Re: [PATCH 2/2] sched/fair: Scale wakeup granularity relative to nr_running

From: Vincent Guittot
Date: Thu Sep 23 2021 - 04:41:04 EST


On Thu, 23 Sept 2021 at 03:47, Mike Galbraith <efault@xxxxxx> wrote:
>
> On Wed, 2021-09-22 at 20:22 +0200, Vincent Guittot wrote:
> > On Wed, 22 Sept 2021 at 19:38, Mel Gorman <mgorman@xxxxxxxxxxxxxxxxxxx> wrote:
> > >
> > >
> > > I'm not seeing an alternative suggestion that could be turned into
> > > an implementation. The current value for sched_wakeup_granularity
> > > was set 12 years ago was exposed for tuning which is no longer
> > > the case. The intent was to allow some dynamic adjustment between
> > > sysctl_sched_wakeup_granularity and sysctl_sched_latency to reduce
> > > over-scheduling in the worst case without disabling preemption entirely
> > > (which the first version did).
>
> I don't think those knobs were ever _intended_ for general purpose
> tuning, but they did get used that way by some folks.
>
> > >
> > > Should we just ignore this problem and hope it goes away or just let
> > > people keep poking silly values into debugfs via tuned?
> >
> > We should certainly not add a bandaid because people will continue to
> > poke silly value at the end. And increasing
> > sysctl_sched_wakeup_granularity based on the number of running threads
> > is not the right solution.
>
> Watching my desktop box stack up large piles of very short running
> threads, I agree, instantaneous load looks like a non-starter.
>
> > According to the description of your
> > problem that the current task doesn't get enough time to move forward,
> > sysctl_sched_min_granularity should be part of the solution. Something
> > like below will ensure that current got a chance to move forward
>
> Nah, progress is guaranteed, the issue is a zillion very similar short
> running threads preempting each other with no win to be had, thus
> spending cycles in the scheduler that are utterly wasted. It's a valid
> issue, trouble is teaching the scheduler to recognize that situation
> without mucking up other situations where there IS a win for even very
> short running threads say, doing a synchronous handoff; preemption is
> cheaper than scheduling off if the waker is going be awakened again in
> very short order.
>
> > diff --git a/kernel/sched/fair.c b/kernel/sched/fair.c
> > index 9bf540f04c2d..39d4e4827d3d 100644
> > --- a/kernel/sched/fair.c
> > +++ b/kernel/sched/fair.c
> > @@ -7102,6 +7102,7 @@ static void check_preempt_wakeup(struct rq *rq,
> > struct task_struct *p, int wake_
> > int scale = cfs_rq->nr_running >= sched_nr_latency;
> > int next_buddy_marked = 0;
> > int cse_is_idle, pse_is_idle;
> > + unsigned long delta_exec;
> >
> > if (unlikely(se == pse))
> > return;
> > @@ -7161,6 +7162,13 @@ static void check_preempt_wakeup(struct rq *rq,
> > struct task_struct *p, int wake_
> > return;
> >
> > update_curr(cfs_rq_of(se));
> > + delta_exec = se->sum_exec_runtime - se->prev_sum_exec_runtime;
> > + /*
> > + * Ensure that current got a chance to move forward
> > + */
> > + if (delta_exec < sysctl_sched_min_granularity)
> > + return;
> > +
> > if (wakeup_preempt_entity(se, pse) == 1) {
> > /*
> > * Bias pick_next to pick the sched entity that is
>
> Yikes! If you do that, you may as well go the extra nanometer and rip
> wakeup preemption out entirely, same result, impressive diffstat.

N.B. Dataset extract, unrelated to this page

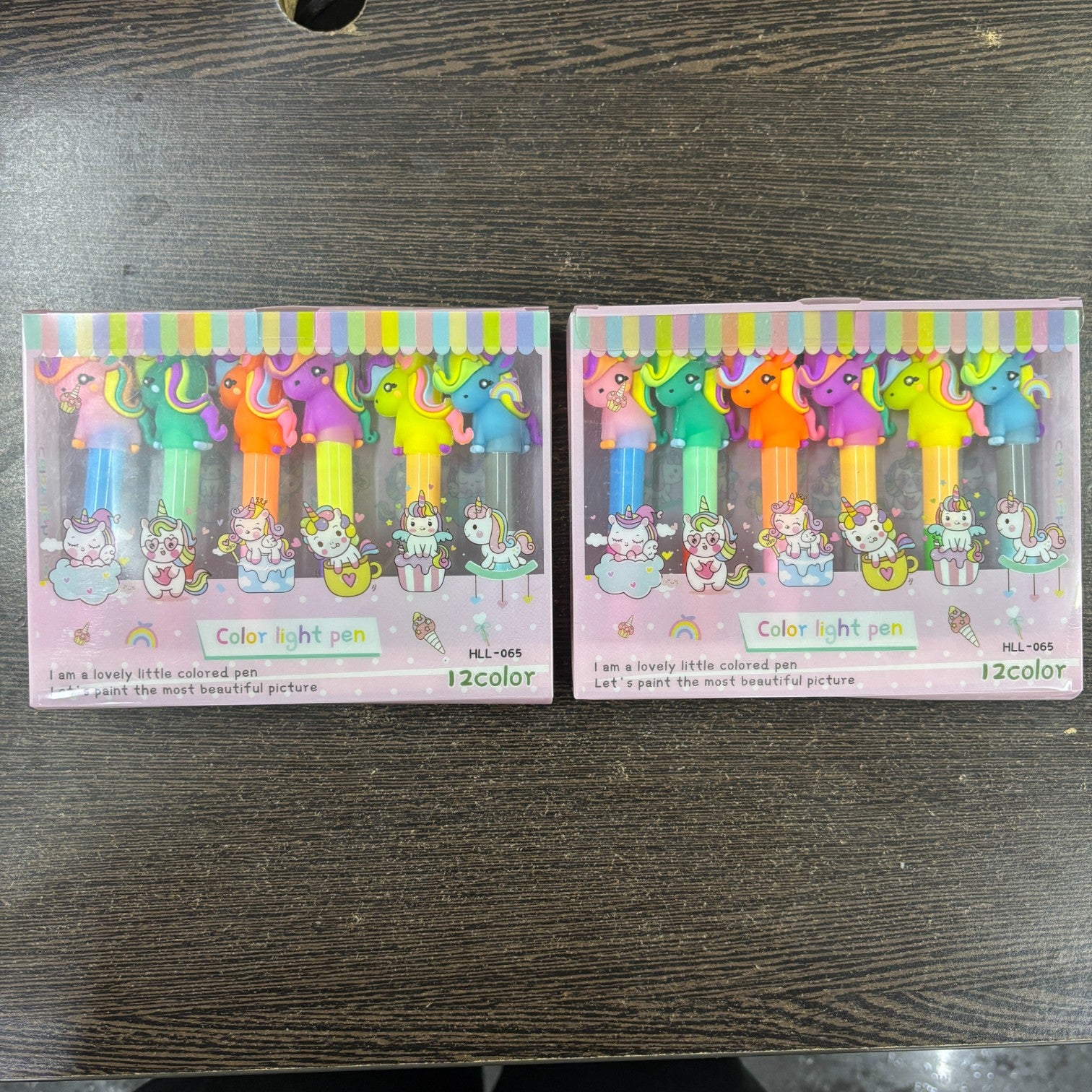 Chisel Tip Fluorescent Marker Pens for School, Office & Study | 6 Pens in Each Set | Smooth Writing Highlighters for Kids, Girls, Boys, Drawing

This patch is mainly there to show that there are other ways to ensure
progress without using some load heuristic.
sysctl_sched_min_granularity has the problem of scaling with the
number of cpus and this can generate large values. At least we should
use the normalized_sysctl_sched_min_granularity or even a smaller
value but wakeup preemption still happens with this change. It only
ensures that we don't waste time preempting each other without any
chance to do actual stuff.

a 100us value should even be enough to fix Mel's problem without
impacting common wakeup preemption cases.


>
> -Mike